We will respond to your request within 30 days, unless a faster response is required by law.

Sources of Personal Data

We collect information about you from several sources, which include third party providers or directly from you. Because information from several sources may be combined into one record, it may be difficult or impossible to identify the exact source of one particular piece of information

Cookies and Other Tracking Technologies

We and our partners use cookies or similar technologies to analyse trends, administer the website, track users’ movements around the website and to gather demographic information about our user base as a whole. 

If you want to restrict or block cookies set by our website, you may change your browser settings to do so. For more information about our cookies and to learn more about the cookies on your device, and opt out of them if you wish, please visit https://www.usertesting.com/cookie-policy.
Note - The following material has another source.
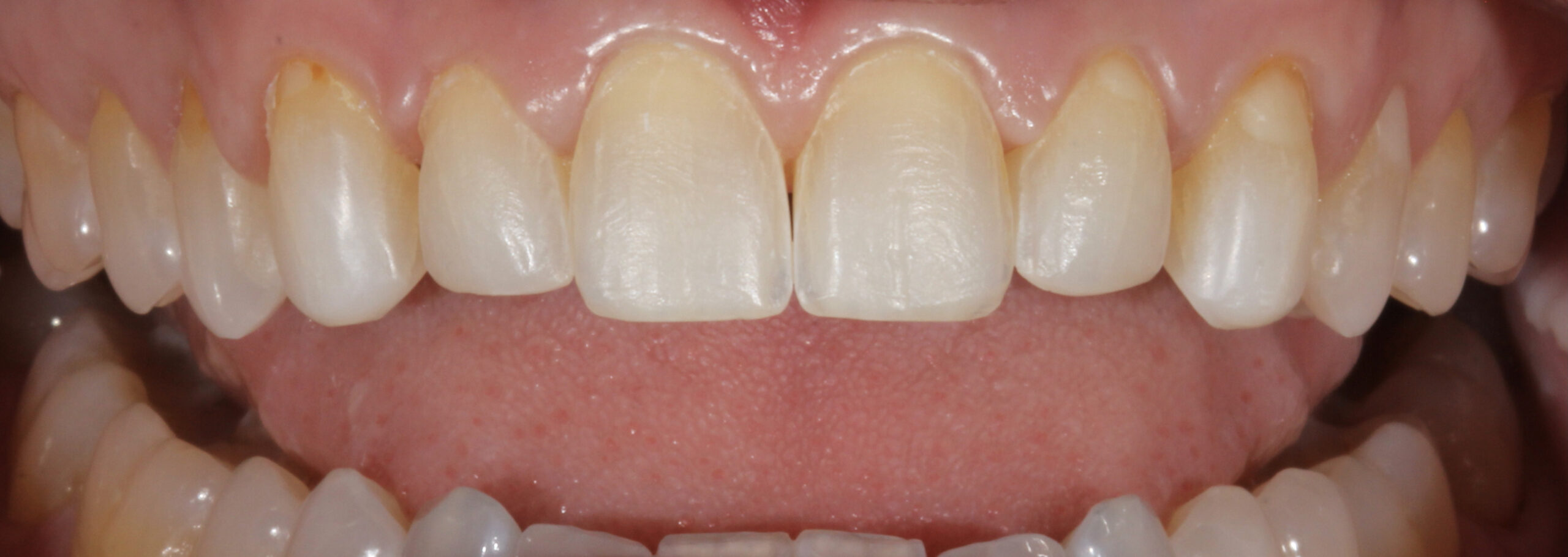 IMG_3136 , CASE STUDY: JADE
If you use your browser settings to block all cookies (including strictly necessary cookies) you may not be able to access all or parts of our website.

EU-U.S. Privacy Shield and Swiss-U.S. Privacy Shield

We adhere to the principles of the EU-U.S. and Swiss-U.S. Privacy Shield frameworks, although we do not rely on such frameworks as a legal basis for transfers of personal data in light of the judgment of the Court of Justice of the EU in Case C-311/18. If any personal data is transferred outside of the EEA, we will ensure that any such transfer of personal data is governed by an adequacy decision or an alternative valid mechanism for international data transfers, such as the Standard Contractual Clauses. 

We participate in and have certified our compliance with the EU-U.S. Privacy Shield Framework and the Swiss-U.S. Privacy Shield Framework.  We are committed to subjecting all personal data received from European Union (EU) member countries and Switzerland, respectively, in reliance on each Privacy Shield Framework, to the Framework’s applicable Principles.  To learn more about the Privacy Shield Frameworks, and to view our certification, visit the U.S. Department of Commerce’s Privacy Shield List

We are responsible for the processing of personal data we receive, under each Privacy Shield Framework, and subsequently transfer to a third party acting as an agent on its behalf.  We comply with the Privacy Shield Principles for all onward transfers of personal data from the EU and Switzerland, including the onward transfer liability provisions.

With respect to personal data received or transferred pursuant to the Privacy Shield Frameworks, we are subject to the regulatory enforcement powers of the U.S. Federal Trade Commission.  In certain situations, we may be required to disclose personal data in response to lawful requests by public authorities, including to meet national security or law enforcement requirements.

If you have an unresolved privacy or data use concern that we have not addressed satisfactorily, please contact our U.S.-based third party dispute resolution provider (free of charge) at https://feedback-form.truste.com/watchdog/request.

Under certain conditions, more fully described on the Privacy Shield website, you may be entitled to invoke binding arbitration when other dispute resolution procedures have been exhausted.

Cookies and Other Tracking Technologies

We and our partners use cookies or similar technologies to analyse trends, administer the website, track users’ movements around the website and to gather demographic information about our user base as a whole. 

If you want to restrict or block cookies set by our website, you may change your browser settings to do so. You may wish to visit www.youronlinechoices.com/uk/your-ad-choices to learn more about the cookies on your device, and opt out of them if you wish. If you use your browser settings to block all cookies (including strictly necessary cookies) you may not be able to access all or parts of our website.